**** Record set ****
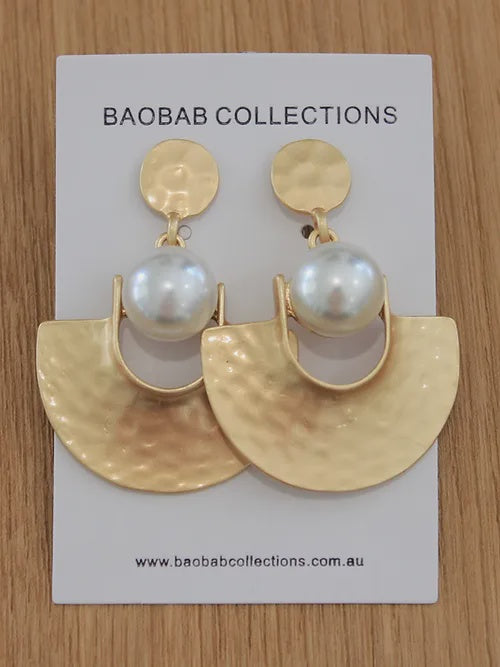 Baobab - Egyptian Pearl Earring: Gold Stud with Large Pearl Drop | LEEPG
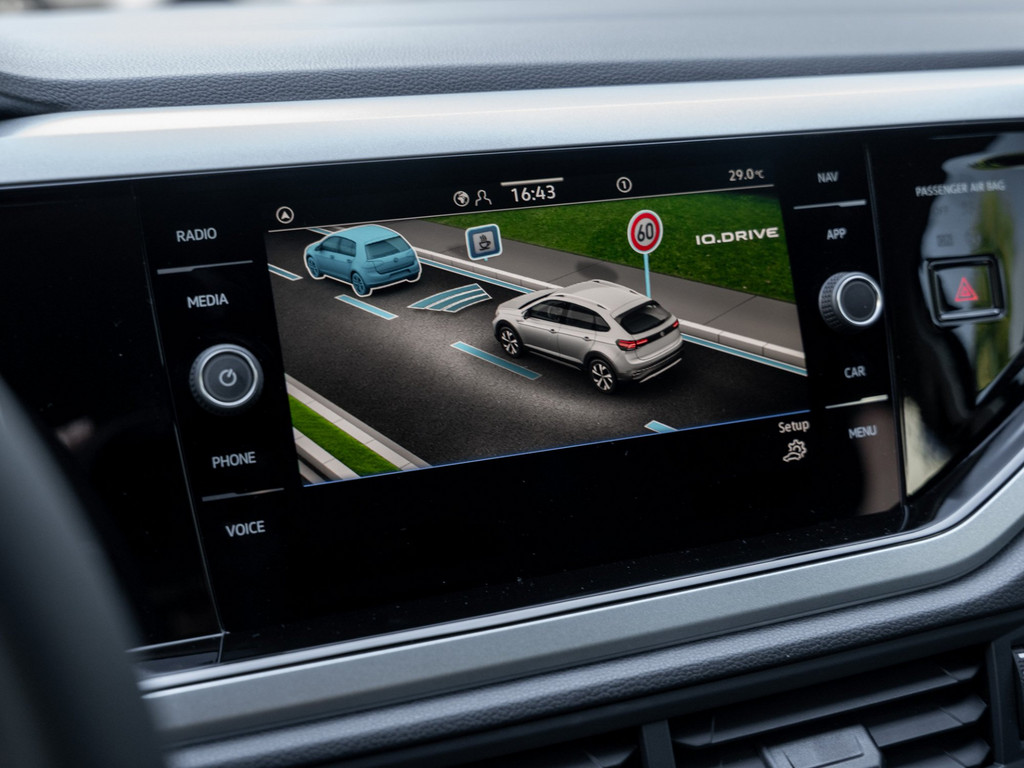 Bild 16 - Taigo Kam. Navi Virtual ACC DynLicht KlimaA LED
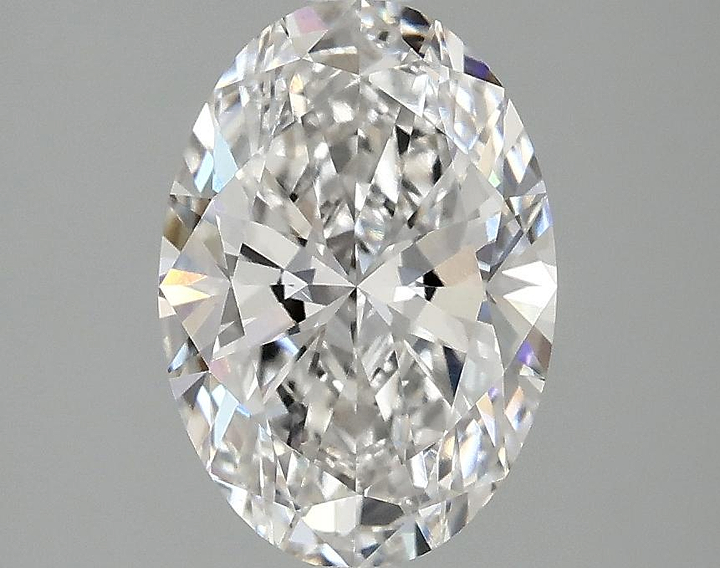 2.0 Carat Oval Shaped Ideal Cut VS1 IGI Certified Lab Grown Diamond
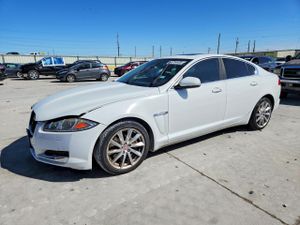 Jaguar XF 2.0L 4 2015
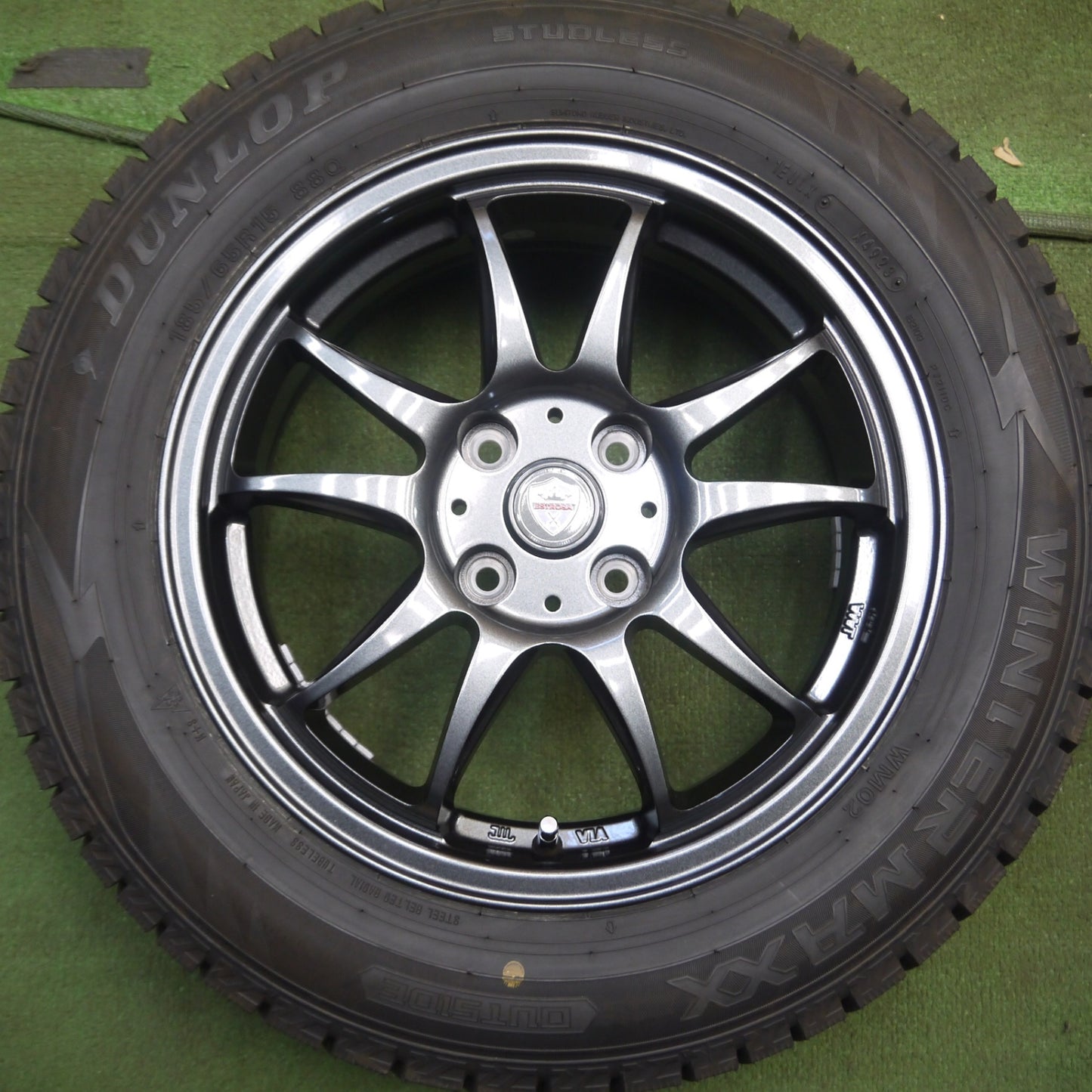 *送料無料* バリ溝！23年！キレイ！ほぼ10分★スタッドレス 185/65R15 ダンロップ ウインターマックス WM02 ESTROSA エステローザ PCD100/4H★4032213Hス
****
* Your objective
Your answer should contain all the material above, written out exactly, and none of the pictures.

* Exercise answer
 Baobab - Egyptian Pearl Earring: Gold Stud with Large Pearl Drop | LEEPG
 Bild 16 - Taigo Kam. Navi Virtual ACC DynLicht KlimaA LED
 2.0 Carat Oval Shaped Ideal Cut VS1 IGI Certified Lab Grown Diamond
 Jaguar XF 2.0L 4 2015
 *送料無料* バリ溝！23年！キレイ！ほぼ10分★スタッドレス 185/65R15 ダンロップ ウインターマックス WM02 ESTROSA エステローザ PCD100/4H★4032213Hス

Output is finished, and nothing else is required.